They say time is money. But Webflow customer support hero Nelson Abalos Jr. takes that one step further. To him, time isn’t just money—it’s the most valuable form of currency there is.
Why is time the most valuable currency? Because it’s the only kind you can only spend—there’s just no way to earn more time.
And when you’re working with a client, you’re spending your time, your client’s time, and your client’s money.
With that in mind, here’s a few thoughts on saving time for your clients, colleagues, and the people who use the digital tools and websites you build.
Saving client’s time
Many web design clients won’t understand why you want to mood board, wireframe, or create a library of design patterns—they just want a website.
So be sure to clearly explain to them that the real purpose of all these steps in your design process is to save time by cutting down on revisions. Make sure your clients understand that you’re simply trying to get everyone on the same page, so that what you produce is what they want.

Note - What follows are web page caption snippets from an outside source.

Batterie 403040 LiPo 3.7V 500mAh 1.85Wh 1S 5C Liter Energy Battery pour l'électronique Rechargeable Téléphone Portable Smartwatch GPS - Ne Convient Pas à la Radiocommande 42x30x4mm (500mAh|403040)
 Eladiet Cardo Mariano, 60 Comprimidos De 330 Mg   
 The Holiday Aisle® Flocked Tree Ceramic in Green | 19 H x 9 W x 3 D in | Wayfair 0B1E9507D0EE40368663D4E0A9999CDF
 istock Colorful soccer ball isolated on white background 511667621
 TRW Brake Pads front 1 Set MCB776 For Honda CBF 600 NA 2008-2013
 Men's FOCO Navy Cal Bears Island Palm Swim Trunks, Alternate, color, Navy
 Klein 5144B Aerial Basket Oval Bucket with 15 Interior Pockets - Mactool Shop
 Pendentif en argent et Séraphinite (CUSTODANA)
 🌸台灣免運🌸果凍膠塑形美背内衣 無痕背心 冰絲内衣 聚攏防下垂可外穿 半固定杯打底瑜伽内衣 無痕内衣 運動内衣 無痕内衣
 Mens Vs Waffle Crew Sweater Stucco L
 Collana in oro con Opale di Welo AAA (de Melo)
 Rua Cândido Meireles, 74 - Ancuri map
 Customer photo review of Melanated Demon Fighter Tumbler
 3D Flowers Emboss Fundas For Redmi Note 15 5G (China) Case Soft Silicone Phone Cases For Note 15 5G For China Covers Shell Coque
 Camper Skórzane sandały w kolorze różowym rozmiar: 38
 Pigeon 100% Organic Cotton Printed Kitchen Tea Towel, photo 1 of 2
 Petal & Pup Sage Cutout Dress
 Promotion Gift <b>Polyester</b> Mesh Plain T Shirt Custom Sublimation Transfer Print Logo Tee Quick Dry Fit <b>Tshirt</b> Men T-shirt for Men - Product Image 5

Saving design colleagues’ time
Find ways to streamline the production process. Here are just 3 ideas that, though they take time themselves, will save your whole design team tons of time:
Make sure everyone agrees on a file naming and folder structure so no one wastes time trying to find things
Clearly label layers in your design files so collaborators will understand how to work with your work
Make sure that brand approaches to things like color, typography, layout, and other design patterns are clearly documented, easy to find, and well communicated
Saving your developer colleagues’ time
If you work with developers, find out how you can deliver your assets to them in ways that will help them code faster.
For example, if you use Webflow, take the time to understand how your devs handle class-naming conventions, and use those conventions when naming your styles.
Saving your users’ time
Whether you’re a freelance designer or you work in-house at an agency, startup, or enterprise business, your real client is the end user: the people you build websites and other digital tools for.
So always think of ways your designs can save them time, like:
Providing easy and clear navigational options
Including search to support discovery—and those who’d rather not use your navigation
Removing unnecessary steps from your product’s key actions
Always be saving
When you’re neck-deep in the mad dash to get stuff done, it can be hard to remember that following certain best practices—like explaining your process, following naming conventions, and putting end-users first—can save time. But in the end, it’s so worth it.
So remember: Always take the time to save (a lot of) everyone’s time down the road.